OPINIÓN
Por Carlos A. Solero*
Si de algo estamos convencidos es que el capitalismo es un sistema predador de la vida en todas sus expresiones.
Está en la esencia capitalista arrasar con la naturaleza a la que considera como un potencial recurso de los procesos productivos. El desarrollo de las fuerzas productivas implica avanzar como sea, aniquilando lo que oponga, sean vegetales, minerales, vidas animales o humanas.
El extractivismo minero, petrolero y de los agronegocios es un ejemplo palmario de lo que señalamos.
En Argentina y en Latinoamérica, más allá de las etiquetas gubernamentales, se impone ese modelo, que obedece al patrón de acumulación capitalista.
En Bolivia es el litio y el gas; en Argentina y Brasil la sojización acelerada; en Venezuela el petróleo y en los países centro americanos la continuidad de las multinacionales frutícolas.

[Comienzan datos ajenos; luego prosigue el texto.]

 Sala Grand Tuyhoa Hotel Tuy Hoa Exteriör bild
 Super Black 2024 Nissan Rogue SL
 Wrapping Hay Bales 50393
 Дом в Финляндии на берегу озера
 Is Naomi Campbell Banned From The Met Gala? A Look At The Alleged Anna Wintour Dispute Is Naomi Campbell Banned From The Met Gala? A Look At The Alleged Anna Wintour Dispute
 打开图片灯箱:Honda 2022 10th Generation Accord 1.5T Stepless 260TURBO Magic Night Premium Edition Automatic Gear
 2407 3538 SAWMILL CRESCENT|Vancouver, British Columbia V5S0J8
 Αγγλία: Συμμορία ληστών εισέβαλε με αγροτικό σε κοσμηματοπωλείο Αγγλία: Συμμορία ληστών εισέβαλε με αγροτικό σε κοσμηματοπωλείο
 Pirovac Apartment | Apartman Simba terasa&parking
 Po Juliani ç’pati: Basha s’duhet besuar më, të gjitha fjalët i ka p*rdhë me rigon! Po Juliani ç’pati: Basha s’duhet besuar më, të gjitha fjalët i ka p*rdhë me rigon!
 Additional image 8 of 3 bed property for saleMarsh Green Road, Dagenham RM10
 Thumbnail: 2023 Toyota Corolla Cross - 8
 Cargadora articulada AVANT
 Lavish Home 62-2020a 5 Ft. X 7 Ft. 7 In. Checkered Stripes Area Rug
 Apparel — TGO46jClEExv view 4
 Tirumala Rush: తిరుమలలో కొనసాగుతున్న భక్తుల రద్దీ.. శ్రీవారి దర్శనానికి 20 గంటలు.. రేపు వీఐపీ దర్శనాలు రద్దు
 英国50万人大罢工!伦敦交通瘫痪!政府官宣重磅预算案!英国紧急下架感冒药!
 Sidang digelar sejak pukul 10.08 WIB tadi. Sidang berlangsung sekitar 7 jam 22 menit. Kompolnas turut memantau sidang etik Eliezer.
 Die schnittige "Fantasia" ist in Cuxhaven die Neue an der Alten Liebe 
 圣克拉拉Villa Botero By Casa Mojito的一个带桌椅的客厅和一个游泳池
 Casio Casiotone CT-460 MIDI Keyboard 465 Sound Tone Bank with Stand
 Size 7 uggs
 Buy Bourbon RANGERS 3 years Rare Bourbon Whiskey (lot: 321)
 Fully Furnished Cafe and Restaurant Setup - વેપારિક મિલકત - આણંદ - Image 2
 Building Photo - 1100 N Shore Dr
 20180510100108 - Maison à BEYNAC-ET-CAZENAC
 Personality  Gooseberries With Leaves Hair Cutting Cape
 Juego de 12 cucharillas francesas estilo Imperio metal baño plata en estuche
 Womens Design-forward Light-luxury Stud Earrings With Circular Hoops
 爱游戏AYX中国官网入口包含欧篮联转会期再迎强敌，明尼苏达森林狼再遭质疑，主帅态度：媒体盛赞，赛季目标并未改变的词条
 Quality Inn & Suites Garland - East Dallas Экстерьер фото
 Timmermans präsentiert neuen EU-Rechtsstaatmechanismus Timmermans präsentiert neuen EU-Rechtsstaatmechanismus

Todo esto implica el desplazamiento de poblaciones que los poderosos consideran un “obstáculo”. La represión de vecinos autoconvocados en asambleas que luchan por la defensa del agua o por la tierra y contra el capital es parte del plan hiperdesarrollista.
Recordemos los ataques a indígenas del Chaco y Formosa para ampliar la “frontera de la soja”, la represión a vecinos en Jáchal (San Juan) que luchan contra la contaminación de los ríos. Las incursiones en la Patagonia contra comunidades que resisten a la explotación de Vaca Muerta.
En el presente, en la provincia de Chubut, el gobernador Marino Arcioni se jacta de la declaración de zona minera al territorio que abarca desde la Cordillera de Los Andes hasta el Océano Atlántico.
La incompatibilidad entre el sistema capitalista y la preservación de la vida es clara y evidente.
Los desafíos están planteados. Hay que pasar a la acción autónoma y resistente.
* Profesor de Sociología de la Universidad Nacional de Rosario. Miembro de la Biblioteca y Archivo Histórico Social Alberto Ghiraldo.